Mr Asamoah said drugs for the birds, which were purchased from the Veterinary Department (VET) under the Ministry of Food and Agriculture (MOFA), were now being imported by private business people and were being sold at commercial prices.

“We used to go to the VET to buy these drugs for the birds at subsidized prices but this is no more”, he said.

Mr Asamaoh, who is the owner of Ottenberg Enterprise, said VET had also stopped offering extension services to poultry farmers.

“I was able to get a lot of technical advise on how to raise the birds and handle them from VET extension service personnel and that made me win the best farmer prize at Agona in 2005 and the Central Regional Best farmer in 2006”, he said.

He regretted that such technical services were no more; a situation which he said was having a serious impact on the work of poultry farmers across the country.

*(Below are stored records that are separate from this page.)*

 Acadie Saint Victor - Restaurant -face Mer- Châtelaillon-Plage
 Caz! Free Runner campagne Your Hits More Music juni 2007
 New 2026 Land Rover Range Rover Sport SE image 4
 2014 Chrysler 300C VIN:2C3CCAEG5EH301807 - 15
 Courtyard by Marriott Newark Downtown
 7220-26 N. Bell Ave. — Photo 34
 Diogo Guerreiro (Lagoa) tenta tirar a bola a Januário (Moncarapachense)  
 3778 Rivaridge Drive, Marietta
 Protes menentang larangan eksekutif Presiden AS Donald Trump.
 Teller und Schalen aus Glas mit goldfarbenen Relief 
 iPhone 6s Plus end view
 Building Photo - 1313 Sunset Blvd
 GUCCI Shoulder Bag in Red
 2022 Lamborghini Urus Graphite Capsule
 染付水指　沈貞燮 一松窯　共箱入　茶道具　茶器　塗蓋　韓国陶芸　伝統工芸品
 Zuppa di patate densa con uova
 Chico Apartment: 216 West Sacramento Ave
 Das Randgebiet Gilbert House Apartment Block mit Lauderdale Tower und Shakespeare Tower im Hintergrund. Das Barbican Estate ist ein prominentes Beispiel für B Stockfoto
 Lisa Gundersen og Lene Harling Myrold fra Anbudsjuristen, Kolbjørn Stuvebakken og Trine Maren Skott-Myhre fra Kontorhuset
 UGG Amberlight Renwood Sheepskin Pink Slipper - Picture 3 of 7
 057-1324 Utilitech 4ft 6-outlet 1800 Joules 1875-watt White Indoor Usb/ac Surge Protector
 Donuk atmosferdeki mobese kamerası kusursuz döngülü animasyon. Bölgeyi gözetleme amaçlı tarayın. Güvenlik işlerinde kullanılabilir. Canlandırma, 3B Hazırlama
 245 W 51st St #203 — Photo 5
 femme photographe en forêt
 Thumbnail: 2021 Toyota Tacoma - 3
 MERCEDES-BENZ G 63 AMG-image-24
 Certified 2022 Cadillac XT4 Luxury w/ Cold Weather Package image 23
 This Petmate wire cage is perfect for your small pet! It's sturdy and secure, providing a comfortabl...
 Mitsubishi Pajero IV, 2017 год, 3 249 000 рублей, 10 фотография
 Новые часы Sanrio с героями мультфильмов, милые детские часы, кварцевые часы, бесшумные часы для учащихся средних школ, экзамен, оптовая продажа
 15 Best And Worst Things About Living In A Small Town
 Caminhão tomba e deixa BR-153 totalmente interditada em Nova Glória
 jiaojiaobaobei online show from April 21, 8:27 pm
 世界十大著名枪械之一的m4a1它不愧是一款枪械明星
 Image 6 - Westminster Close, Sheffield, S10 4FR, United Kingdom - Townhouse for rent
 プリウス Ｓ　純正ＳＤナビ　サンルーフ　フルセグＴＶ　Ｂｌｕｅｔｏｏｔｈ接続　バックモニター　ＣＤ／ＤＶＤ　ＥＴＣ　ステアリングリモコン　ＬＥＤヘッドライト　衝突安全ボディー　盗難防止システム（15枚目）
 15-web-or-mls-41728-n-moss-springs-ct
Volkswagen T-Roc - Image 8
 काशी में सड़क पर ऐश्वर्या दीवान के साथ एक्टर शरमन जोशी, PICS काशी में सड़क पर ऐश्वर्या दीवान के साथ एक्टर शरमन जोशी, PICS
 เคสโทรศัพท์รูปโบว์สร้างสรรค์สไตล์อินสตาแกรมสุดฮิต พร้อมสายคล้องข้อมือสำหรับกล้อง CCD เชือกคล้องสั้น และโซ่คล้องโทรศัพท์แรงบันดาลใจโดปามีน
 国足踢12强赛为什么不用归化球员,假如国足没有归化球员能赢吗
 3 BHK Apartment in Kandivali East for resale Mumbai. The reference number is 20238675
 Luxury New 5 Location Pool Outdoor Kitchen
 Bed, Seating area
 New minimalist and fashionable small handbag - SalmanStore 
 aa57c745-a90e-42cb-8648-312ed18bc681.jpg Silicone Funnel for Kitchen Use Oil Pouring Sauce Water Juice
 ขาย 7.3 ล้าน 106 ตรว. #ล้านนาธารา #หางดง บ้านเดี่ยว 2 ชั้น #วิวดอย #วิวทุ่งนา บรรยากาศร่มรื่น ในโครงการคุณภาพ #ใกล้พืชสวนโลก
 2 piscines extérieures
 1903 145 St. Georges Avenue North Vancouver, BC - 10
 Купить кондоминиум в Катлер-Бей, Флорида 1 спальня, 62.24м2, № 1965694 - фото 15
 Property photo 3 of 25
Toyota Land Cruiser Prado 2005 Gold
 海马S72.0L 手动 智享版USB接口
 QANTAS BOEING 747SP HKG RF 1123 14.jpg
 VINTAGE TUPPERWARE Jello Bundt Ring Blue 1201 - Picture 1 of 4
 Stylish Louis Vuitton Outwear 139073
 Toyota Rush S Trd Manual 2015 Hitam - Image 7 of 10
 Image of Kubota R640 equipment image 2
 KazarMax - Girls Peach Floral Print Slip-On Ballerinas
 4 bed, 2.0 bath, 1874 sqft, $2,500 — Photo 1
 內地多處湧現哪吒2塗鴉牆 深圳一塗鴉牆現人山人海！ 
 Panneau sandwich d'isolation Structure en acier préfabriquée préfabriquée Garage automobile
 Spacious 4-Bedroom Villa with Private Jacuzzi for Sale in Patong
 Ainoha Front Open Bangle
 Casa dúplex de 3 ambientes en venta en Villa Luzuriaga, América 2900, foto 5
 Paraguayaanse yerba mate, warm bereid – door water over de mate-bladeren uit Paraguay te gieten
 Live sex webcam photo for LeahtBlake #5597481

Mr Asamoah also raised the issue with the high cost of poultry feed for the birds, which he said, was uncompetitive.

“The poultry farmers are now buying maize on the market at prices same as the market women who use them for ‘kenkey’ among others”, he said.

To him, the high demand for the maize has affected the prices, which is highly unattractive to poultry farmers because “after we buy at such high prices, we are forced to pass on the cost to customers who buy our birds”.

Mr Asamoah said the bank purposely meant to support poultry farmers; the Agricultural Development Bank (ADB), has shied away from poultry farmers because the bank see the industry as too risky.

“Poultry farmers are not able to get soft loans from the bank anymore and that is also affecting us badly” he said.

He said competition from imported frozen birds was also a major factor that poultry farmers have to contend with.

Mr Asamoah said much as people cherished live birds for festivities, the cost drives them away and they resort to the imported products.

Asked whether the Ghanaian poultry farmer could supply enough to meet local demand, he replied in the affirmative, saying” if we have all the support from the government, we will feed the nation and even export”.

Mr Asamoah said many big players in the industry have all left and are now in real estate or road construction sectors.

He said those we employed as farmhands have been laid off and that is adding to the serious unemployment problem in the country.

Mr Asamoah asked the government to show greater commitment to the poultry industry to save it from total collapse.